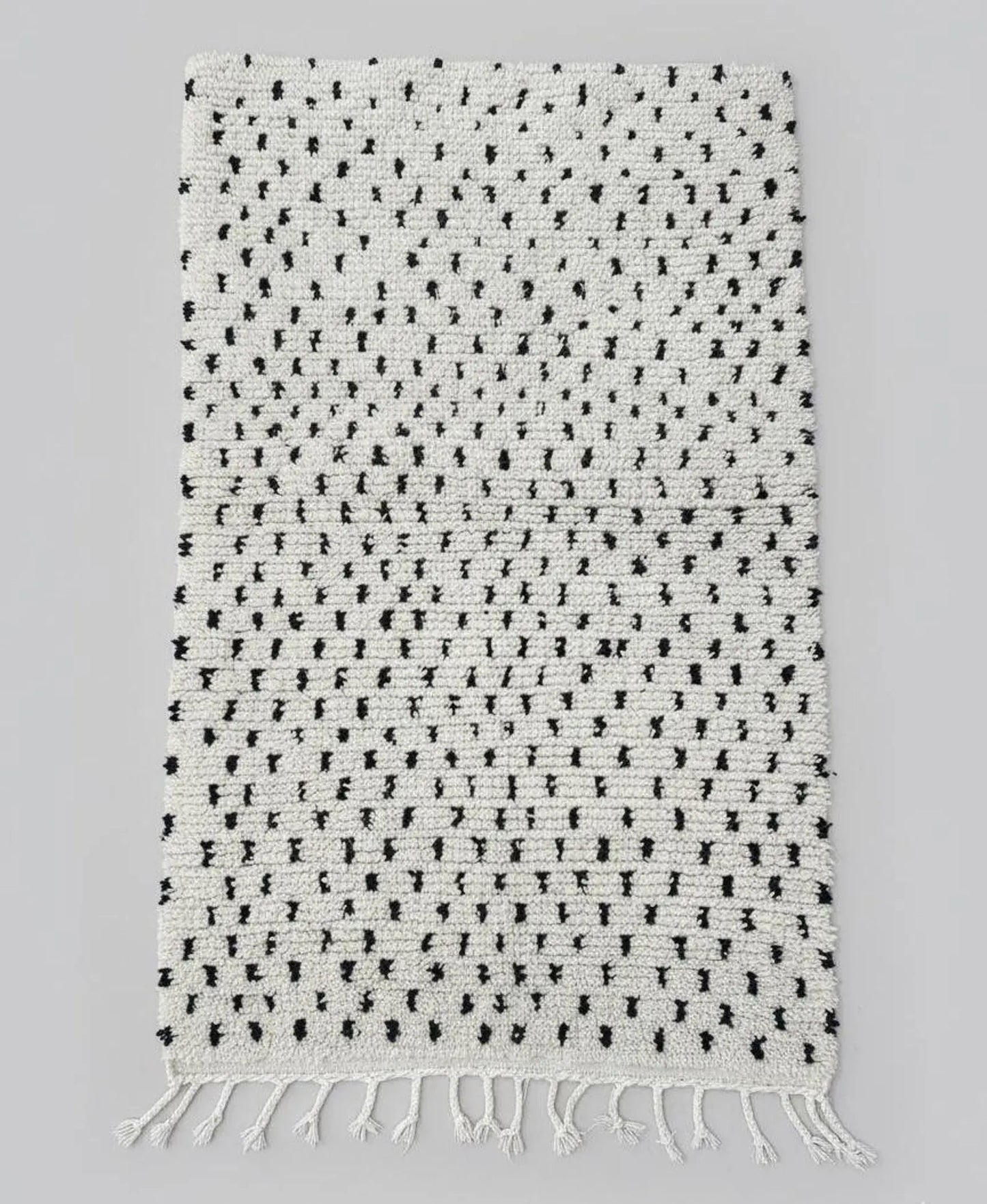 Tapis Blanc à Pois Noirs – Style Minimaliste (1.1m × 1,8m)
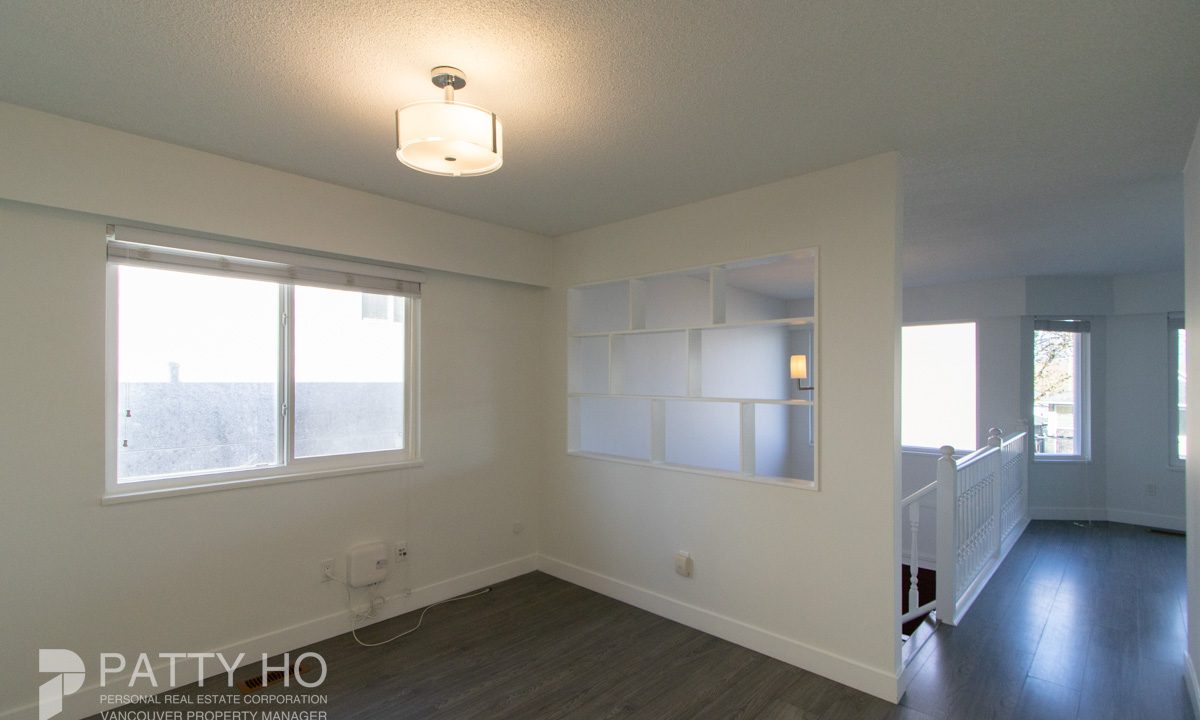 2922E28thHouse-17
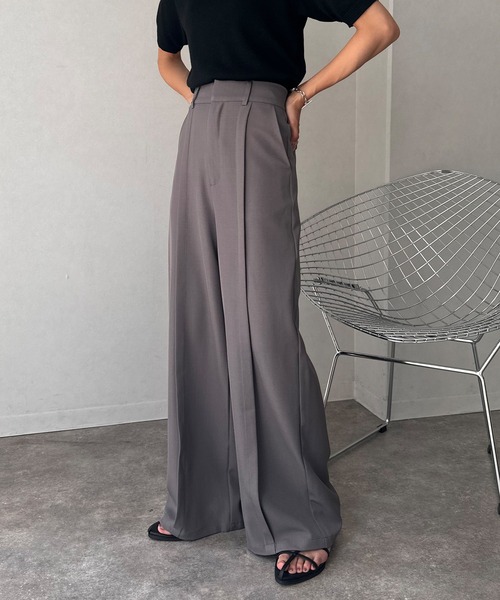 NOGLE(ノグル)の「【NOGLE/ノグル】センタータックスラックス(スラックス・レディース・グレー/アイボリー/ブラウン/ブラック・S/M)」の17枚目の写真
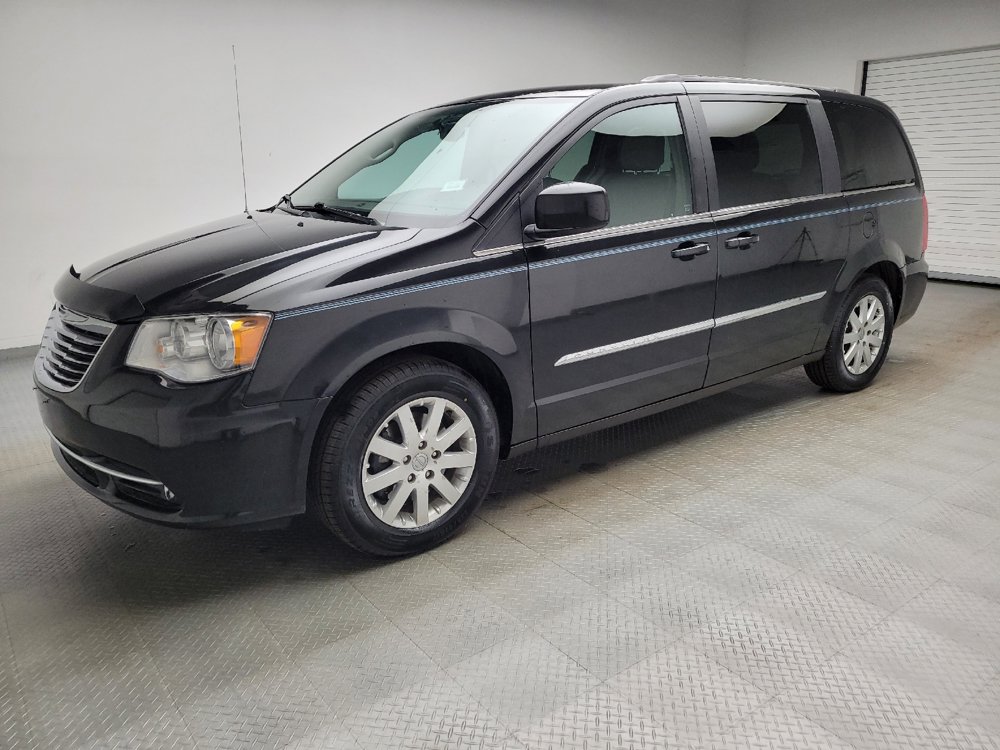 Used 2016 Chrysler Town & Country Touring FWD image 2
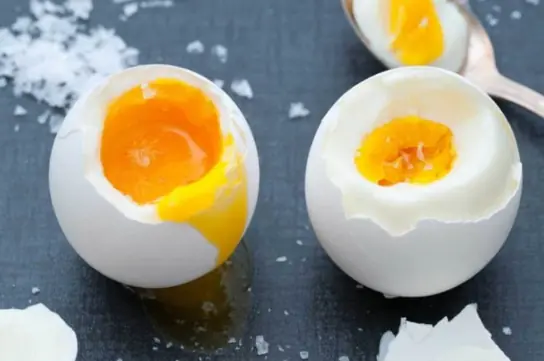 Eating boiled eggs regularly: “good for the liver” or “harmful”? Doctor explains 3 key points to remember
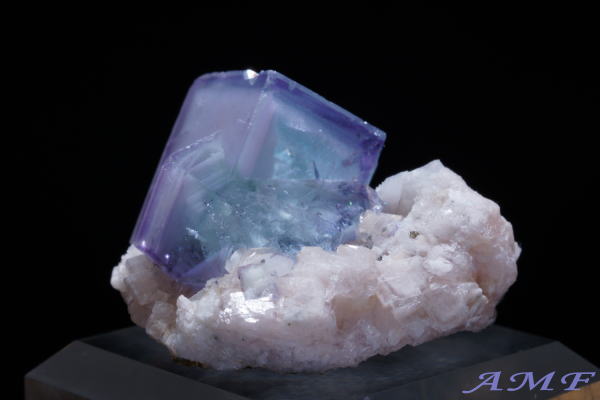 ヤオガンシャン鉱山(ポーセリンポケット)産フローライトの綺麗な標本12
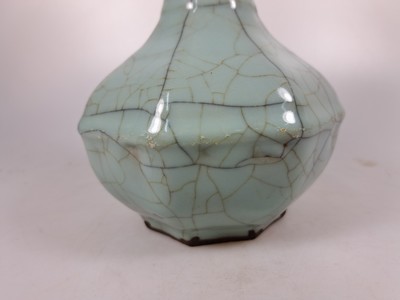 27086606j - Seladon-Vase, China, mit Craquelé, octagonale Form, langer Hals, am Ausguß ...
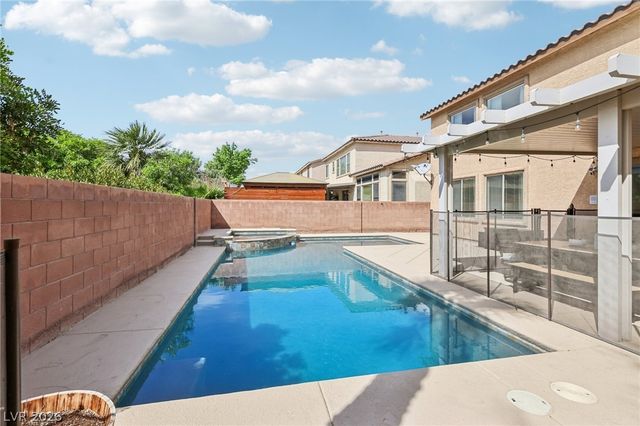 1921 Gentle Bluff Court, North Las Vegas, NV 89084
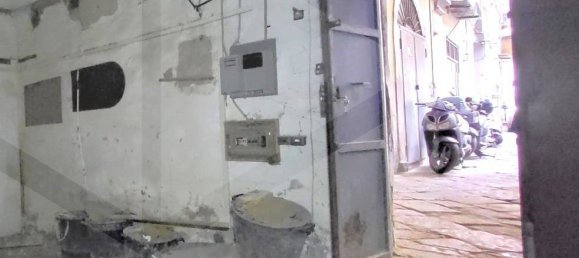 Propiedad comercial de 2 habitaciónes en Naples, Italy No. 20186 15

__________

-- Exercise description --
Please return all of the entries word for word, excluding the pictures.

-- Response to this task --
 Tapis Blanc à Pois Noirs – Style Minimaliste (1.1m × 1,8m)
 2922E28thHouse-17
 NOGLE(ノグル)の「【NOGLE/ノグル】センタータックスラックス(スラックス・レディース・グレー/アイボリー/ブラウン/ブラック・S/M)」の17枚目の写真
 Used 2016 Chrysler Town & Country Touring FWD image 2
 Eating boiled eggs regularly: “good for the liver” or “harmful”? Doctor explains 3 key points to remember
 ヤオガンシャン鉱山(ポーセリンポケット)産フローライトの綺麗な標本12
 27086606j - Seladon-Vase, China, mit Craquelé, octagonale Form, langer Hals, am Ausguß ...
 1921 Gentle Bluff Court, North Las Vegas, NV 89084
 Propiedad comercial de 2 habitaciónes en Naples, Italy No. 20186 15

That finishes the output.